We were out of coffee. This was a tragedy on one hand but also good, because we had to go to the coffee shop in town. I brought Lucky Jim with me and struggled through it.
I do think Lucky Jim is funny but it’s also extremely hard to follow. Jim could be a bit more plainspoken every now and then as far as I’m concerned. I read the scene where he calls up Professor Welch’s house looking for his awful son Bertrand and then pretends to be a newspaper reporter. I laughed out loud several times. Tor, my boyfriend, was reading something called Revolutionary Yiddishland, which he has told me the gist of several times and I keep forgetting. This is a dig against me, not the book. I can’t remember anything anymore unless it concerns me fairly exclusively, it seems.
We split an egg on toast and each drank two Americanos. I love going to the coffeeshop and reading with Tor on a Sunday. There is nothing better.
Coffee shop patrons kept coming in with plants, boxes of basil and other things. Apparently there was a plant sale next door. A friend of ours showed up recently and, to thank us in advance for staying here this summer, when it gets too hot at her place in the valley, she planted us a tiny garden. We decided we would buy some basil, apparently it is easy to grow.
I find gardening a challenge. I don’t mind watering things but it seems there is more to it, and my instinct for it is almost non-existent. Cooking and cleaning are easy for me, both a dirty kitchen and a stocked one, or even understocked one, fill me with energy and purpose. When I stand in a garden I just want to cry. What does one do? When? How?
After we bought the basil—and some mugwort, just for fun because we ran into a new friend who told us it would make our dreams better, and I am just hippie enough to try that out—I wrote our gardener friend in the valley a Happy Mothers’ Day message. The subtext of it was “come plant these plants, help.” She wrote back “thanks” and I said, “feel free to visit any time.”
Back at home I put the chicken thighs I’d been marinating in buttermilk, cumin, salt and chili powder into the slow cooker and cleaned the kitchen. Tor made a salad of eggs, celery, lettuce, and cannellini beans and I ate it while editing a story I wrote last week. Tor looked at some properties in our area and we agreed they were all in danger of burning down and we should buy a piece of land with very few trees on it and live in a concrete block at the center of it. Merle just lay there with her eyes open.

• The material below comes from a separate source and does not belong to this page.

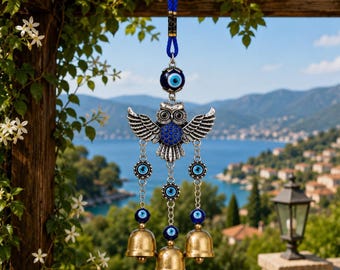 Owl Wind Chime Evil Eye Nazar Hanging Bell Metal Garden Decor Outdoor Wall Hanging Blue Lucky Charm Turkish Greek Protection Decor Spiritual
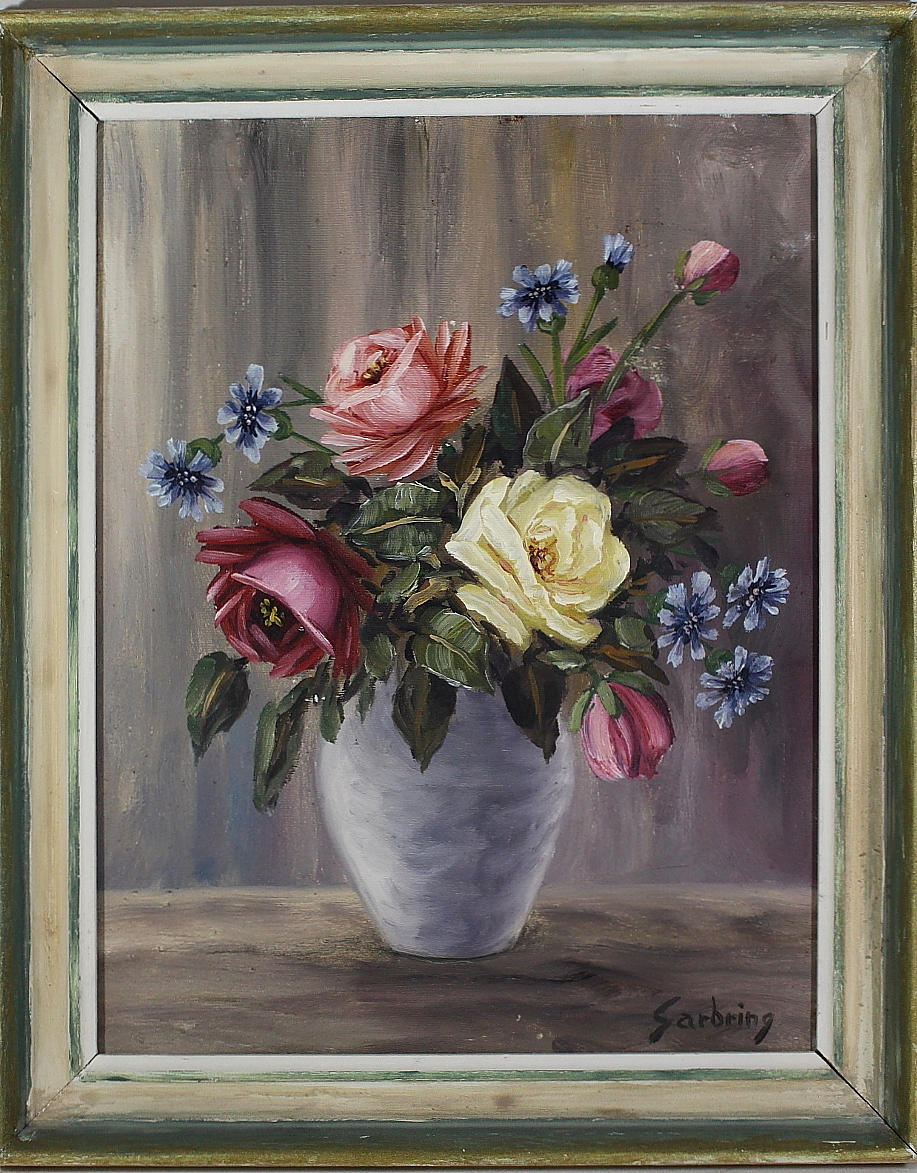 OIDENTIFIERAD KONSTNÄR. olja på duk, " blomstilleben " signerad Garbring.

I kept working on my story well into the afternoon. I love the part of revising when something is already fine and you’re just making it better. I don’t mean like, oh, this thing I wrote is perfect and I’m just polishing it. I mean when you’re at the point where the thing generally makes sense and you could stop, but you’re actually interested enough to keep going.
I sat outside and every once in a while Merle would come out on the porch and stare at me and then go back inside. Merle loves to stare at people. She is very old. I tell myself I am prepared for her death but when I realize that she will never stare at me again I don’t know what I will do. So for now I try to savor her stares.
We had rice and chicken for dinner and I invented a dressing out of yogurt, dill, lemon juice, salt, and a little bit of oil. Tor said it tasted like ranch. I said I wished. We watched a detective show from Belgium. It was stupid. We turned it off. I went back to Hobsbawm. That name is a real tongue twister. I read a section about how most of the noblemen of Europe actually agreed that the serfdom and serfdom-esque systems in place needed to be reformed but that they didn’t do anything about it. It kind of reminded me of all the people that are like “I’m a total Marxist, that’s why I want X to be president.”
Anyway, things only actually changed after the French Revolution. That’s what Hobsbawm says, anyway.
I took Merle on a tiny walk. She can only go on tiny walks. She rummaged in the bushes with her short snout. “Merle, no,” I said. She ignored me so I pulled on her leash. She peed, and as she did she looked up at me with her sweet pleading eyes.
“You’re my small infant,” I said. “Forever and ever.”